Detroit 2030. Double-crossed by the person she loved and betrayed by the covert government organization that trained her to use her body as a weapon, Peri Reed is a renegade on the run. Don’t forgive and never forget has always been Peri’s creed. But her day job makes it difficult: she is a drafter, possessed of a rare, invaluable skill for altering time, yet destined to forget both the history she changed and the history she rewrote. When Peri discovers her name is on a list of corrupt operatives, she realizes that her own life has been manipulated by the agency. Her memory of the previous three years erased, she joins forces with a mysterious rogue soldier in a deadly race to piece together the truth about her fateful final task. Her motto has always been only to kill those who kill her first. But with nothing but intuition to guide her, will she have to break her own rule to survive?
I liked that this book was a departure from The Hollows. It feels like a totally new world. It gives me a Minority Report meets Groundhog Day type of feel (both films I enjoyed quite a bit), so it’s a bit more futuristic as opposed to an alternate reality. Peri is an interesting protagonist and the book benefits by being from her point of view. There are a few twists and turns that make it worth it in my opinion. Harrison has also done a fantastic job in the past with supporting characters so I had high expectations here. While I wasn’t initially gripped by the whole cast, there are some standouts. I don’t know what it is about her pseudo villains but Kim always finds a way to make them a highlight of the series. They’re always interesting and never cookie cutter and I’m always interested in what will happen to them next. That’s just a signature of her as an author I guess.

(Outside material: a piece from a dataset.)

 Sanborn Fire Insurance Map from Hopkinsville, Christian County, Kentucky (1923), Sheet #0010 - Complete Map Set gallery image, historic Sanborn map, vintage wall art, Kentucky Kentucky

There is a lot of world building and the rinse and repeat formula where we relive the scenes over and over again may bog the story down for the reader. That can be a challenge to handle without making the story feel monotonous. I can’t think of any books that accomplish this particularly well recently, but from a film standpoint I thought Edge of Tomorrow was great about it, though it had a bit of humor to help the story along as well. While that may be the downside for some readers, I actually had an easier time with this one than with the first Hollows book, so I believe that is promising for a fresh new series. I was able to finish this one at once, whereas for The Hollows I put the book down for a few months and returned to it after being urged by a friend of mine that the books get better (she was right and they did).
It’s not always easy to achieve cross appeal, especially when you’re used to urban fantasy, but the storyline has potential for some really interesting sequels.